━━━ Dataset section
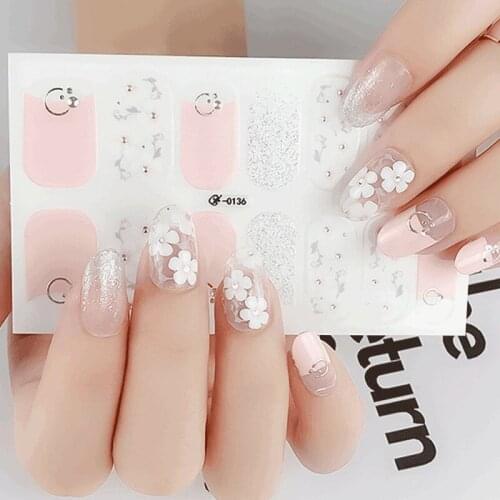 1sheet Nail Wrap Glitter Flower Nail Art Stickers Full Cover Tips 2021 New Arrival DIY Self Adhesive Nagel Manicure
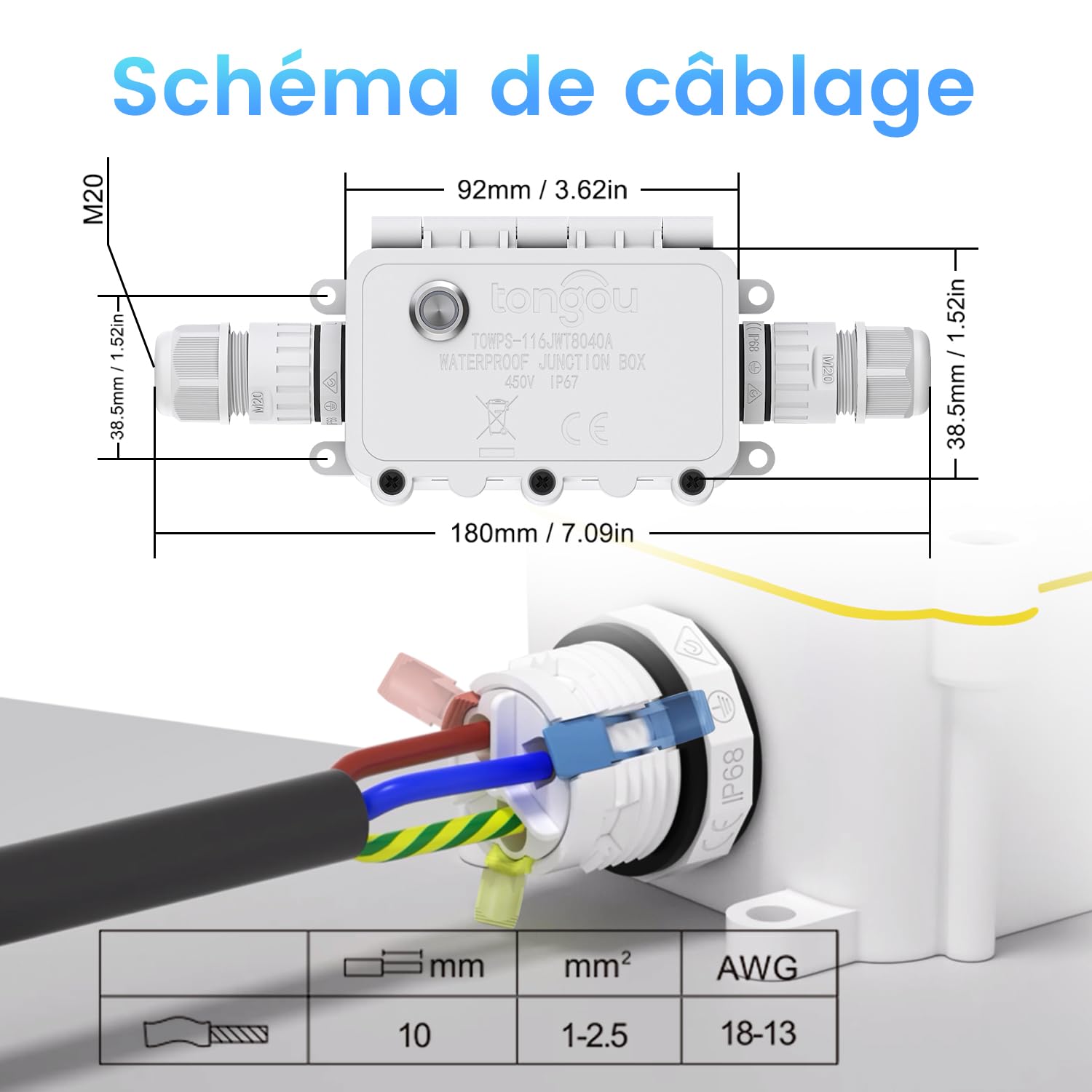 TONGOU Smart life - Interrupteur 1 ~ 16 A, télécommande Wi-Fi, contrôle vocal, IP67, boîte de dérivation étanche avec mesure de consommation d'énergie, protection contre les surcharges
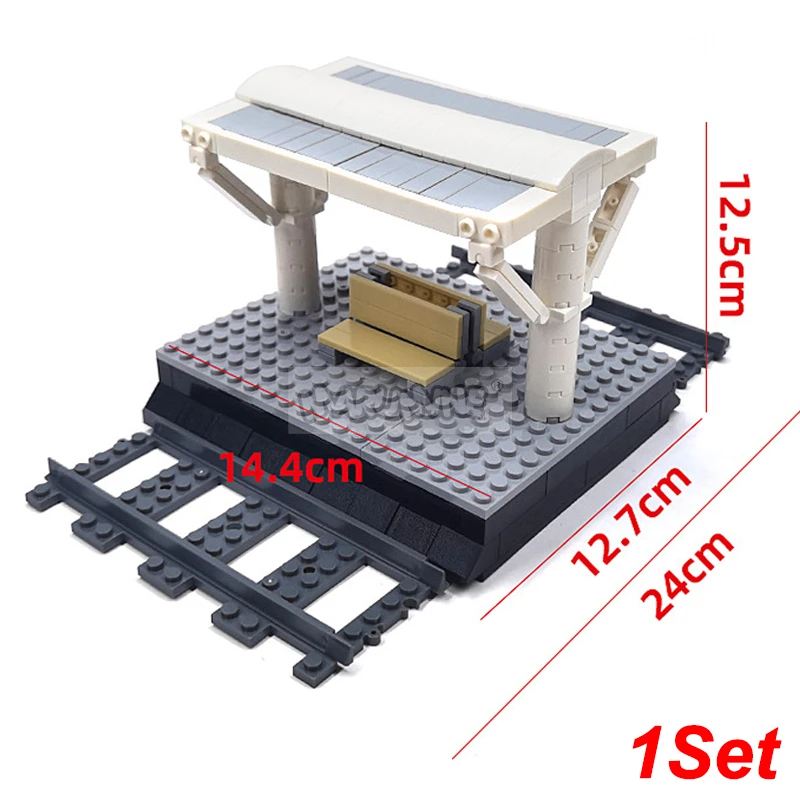 Marumine MOC City Train Railway Station Build Brick Model Kit Traffic Waiting Booth DIY Construction Block Set Christmas Gift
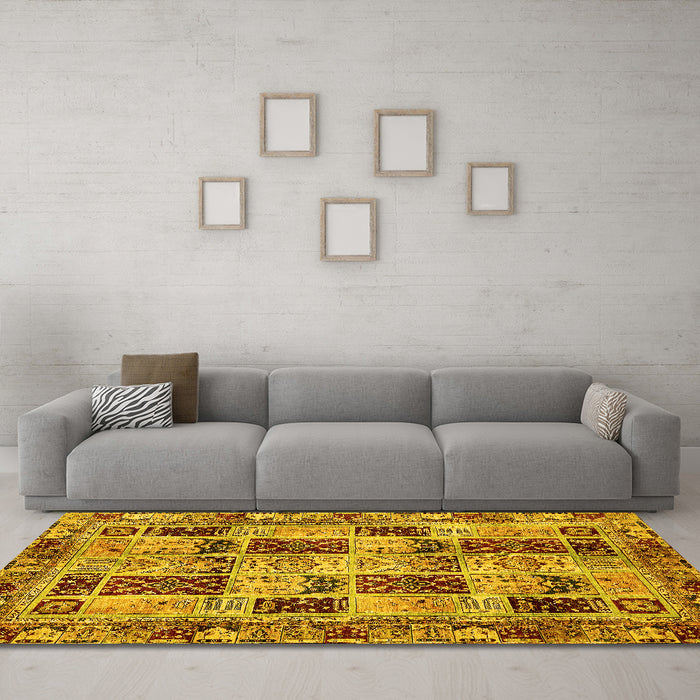 Machine Washable Abstract Yellow Modern Rug in a Living Room, wshabs709yw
━━━━━━
• _Task description_
Please set down each line of the data above exactly as written, without the pictures.

• _Answer space_
 1sheet Nail Wrap Glitter Flower Nail Art Stickers Full Cover Tips 2021 New Arrival DIY Self Adhesive Nagel Manicure
 TONGOU Smart life - Interrupteur 1 ~ 16 A, télécommande Wi-Fi, contrôle vocal, IP67, boîte de dérivation étanche avec mesure de consommation d'énergie, protection contre les surcharges
 Marumine MOC City Train Railway Station Build Brick Model Kit Traffic Waiting Booth DIY Construction Block Set Christmas Gift
 Machine Washable Abstract Yellow Modern Rug in a Living Room, wshabs709yw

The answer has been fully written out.